» EXERCISE OBJECTIVE
Begin at the line that holds "Ornement floral sur les stores en toile" and retype every line through the end of the material, both included. Leave out the pictures.
-------- EXERCISE DATA --------
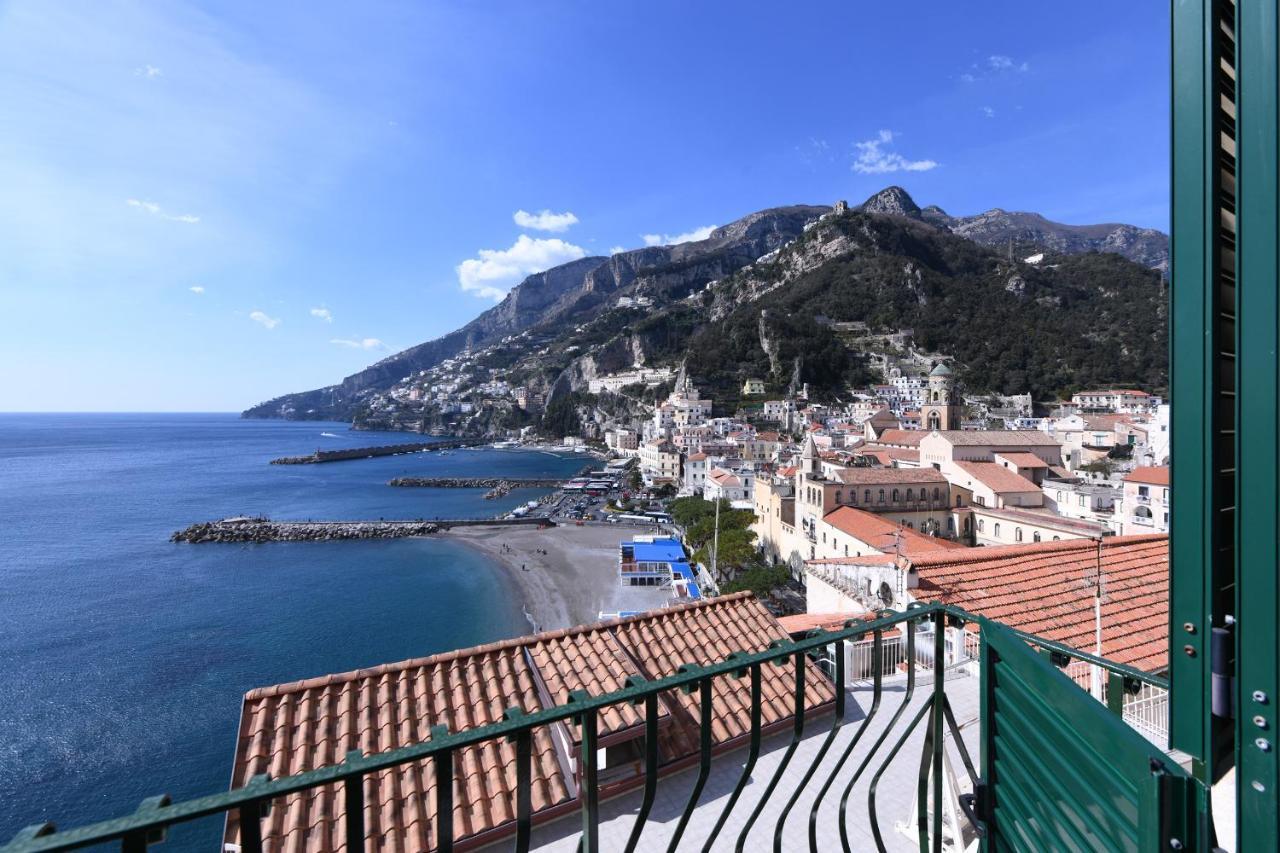 Appartamenti Casamalfi Vista Mare Luaran gambar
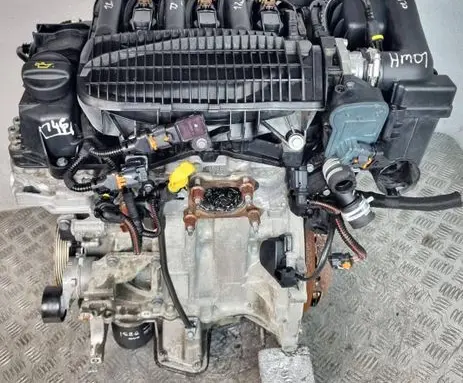 Peugeot 208 I Engine swap HM01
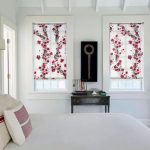 Ornement floral sur les stores en toile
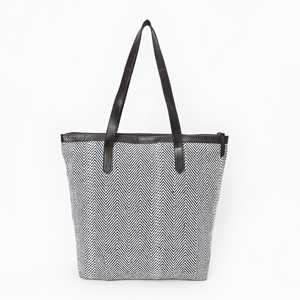 Fourre-tout en cuir PU tissé à chevrons fait à la main grande fermeture à glissière résistante à l'eau saison d'automne doublure en coton et polyester - Product Image 5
--------
» RESULT
 Ornement floral sur les stores en toile
 Fourre-tout en cuir PU tissé à chevrons fait à la main grande fermeture à glissière résistante à l'eau saison d'automne doublure en coton et polyester - Product Image 5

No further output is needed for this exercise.